Membela yang Tertindas
Gus Dur tidak pernah ragu untuk membela kelompok minoritas dan yang tertindas. Ketika menjabat sebagai Presiden RI, beliau mengakui hak-hak warga Tionghoa dengan mencabut larangan perayaan Imlek dan penggunaan aksara Mandarin. Beliau juga membela penganut Konghucu untuk mendapatkan pengakuan sebagai agama resmi di Indonesia. Keberaniannya membela minoritas membuktikan bahwa pemimpin sejati harus mampu melindungi seluruh warga negara tanpa memandang latar belakang agama dan etnis.
Nasionalisme yang Inklusif
Pemahaman Gus Dur tentang nasionalisme sangat mendalam dan inklusif. Baginya, mencintai bangsa tidak berarti harus memusuhi bangsa lain, dan menjadi religius tidak berarti harus menolak modernitas. Beliau mengajarkan bahwa kekuatan Indonesia justru terletak pada keberagamannya, bukan pada keseragaman. Prinsip “Bhinneka Tunggal Ika” bukan sekadar slogan, tetapi nilai yang harus dihidupi dalam keseharian.

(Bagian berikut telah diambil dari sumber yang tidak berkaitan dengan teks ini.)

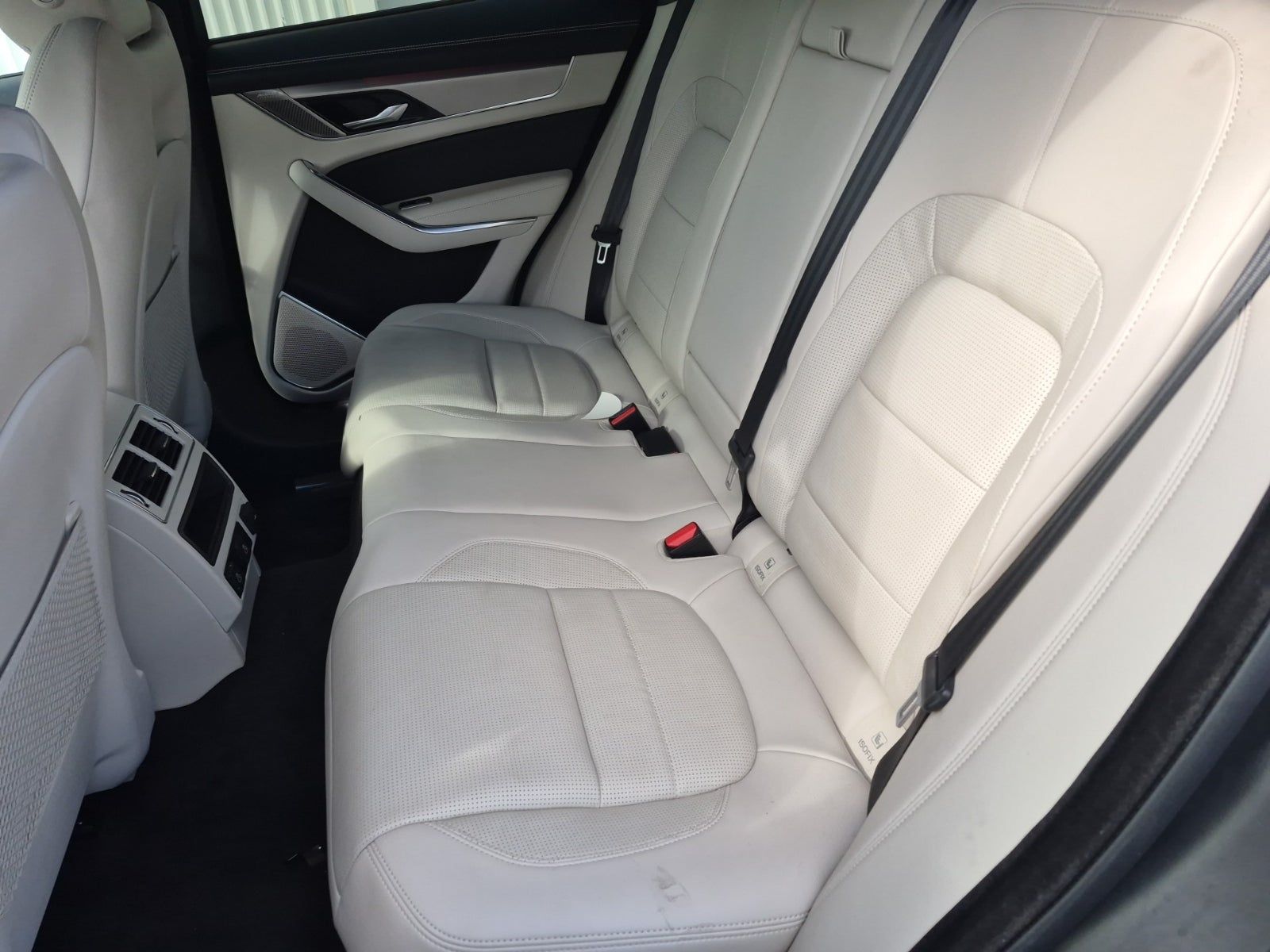 2024 Jaguar F-PACE P250 R-Dynamic S AWD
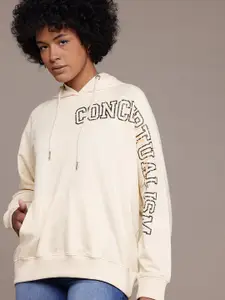 The Roadster Lifestyle Co. Women Printed Hooded Longline Sweatshirt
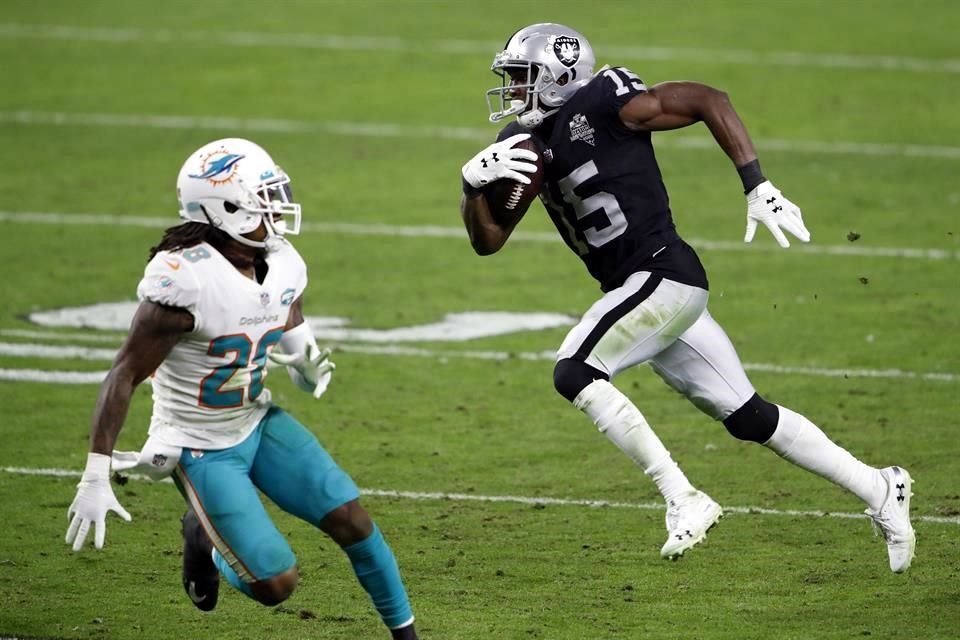 Nelson Agholor realizó un par de grandes atrapadas, pero no bastó para que los Raiders se quedaran con la victoria.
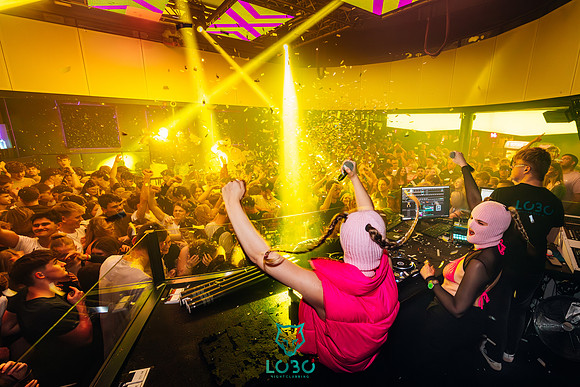 LOBO NIGHTCLUB-2 Engel und Charlie-4465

Humor sebagai Jembatan Perdamaian
Salah satu cara unik Gus Dur dalam menjembatani perbedaan adalah melalui humor. Di tengah situasi yang tegang, beliau sering menggunakan humor untuk mencairkan suasana dan membuka dialog. Kemampuannya untuk membuat orang tertawa sambil berpikir menunjukkan bahwa perdamaian dan harmoni bisa dicapai dengan cara-cara yang menyenangkan.

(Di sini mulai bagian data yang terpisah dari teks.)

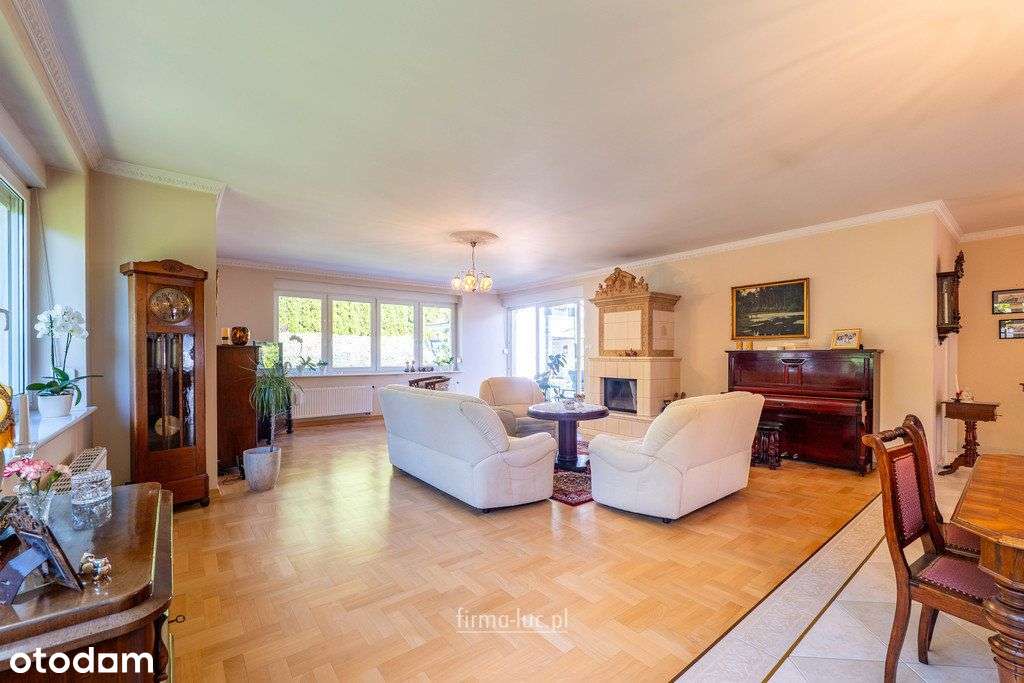 Dom przy ścianie lasu, możliwe 4 sypialnie-7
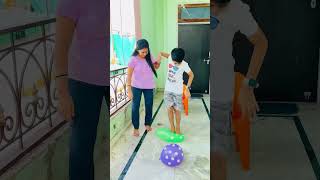 Mumma mujhe bhi balloons fodne hai 🥰❤️shorts youtubeshorts maakijaan ￼ [upl. by Trembly]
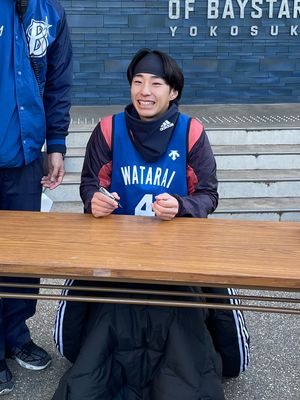 신인 합동 자율 훈련 시 사인회를 하는 와타라이 선수 (dock of BAYSTARS Yokosuka, 2024년 1월 8일)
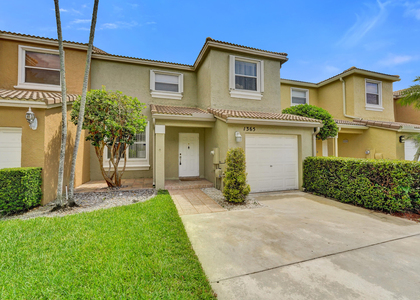 1365 Nw 154th Lane - Photo 1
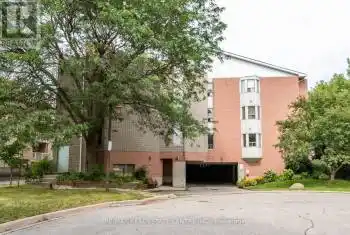 6 Niagara Street Unit# 105, Grimsby (541 - Grimsby West), Ontario L3M5A4, 2 Bedrooms Bedrooms, ,1 BathroomBathrooms,Condo,For Sale,Niagara,X12077894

Warisan untuk Generasi Mendatang
Teladan Gus Dur dalam harmonisasi agama dan bangsa masih sangat relevan untuk Indonesia saat ini. Di tengah meningkatnya intoleransi dan ekstremisme, pemikiran dan praktik hidup Gus Dur bisa menjadi panduan. Beliau menunjukkan bahwa menjadi religius tidak berarti harus eksklusif, dan menjadi nasionalis tidak berarti harus anti-agama.

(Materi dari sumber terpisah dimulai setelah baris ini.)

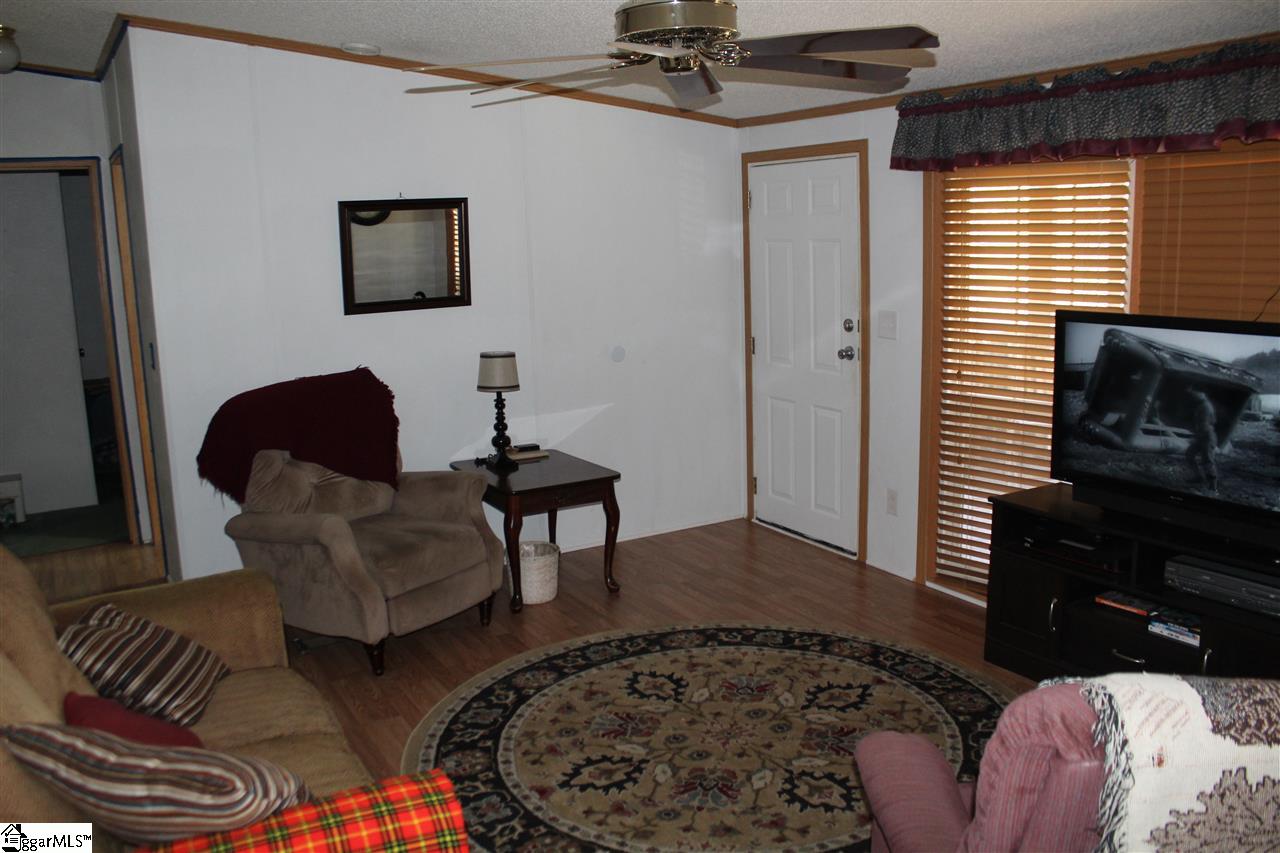 444 Pleasant Grove Road Pickens, SC 29671 - Photo 11 of 24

Keteladanan Gus Dur mengajarkan kita bahwa harmonisasi agama dan bangsa bukanlah sesuatu yang mustahil. Diperlukan keberanian untuk keluar dari zona nyaman, keterbukaan untuk menerima perbedaan, dan kebijaksanaan untuk melihat keindahan dalam keberagaman. Warisan pemikiran dan teladan hidupnya akan terus menjadi inspirasi bagi generasi mendatang dalam membangun Indonesia yang damai dan harmonis.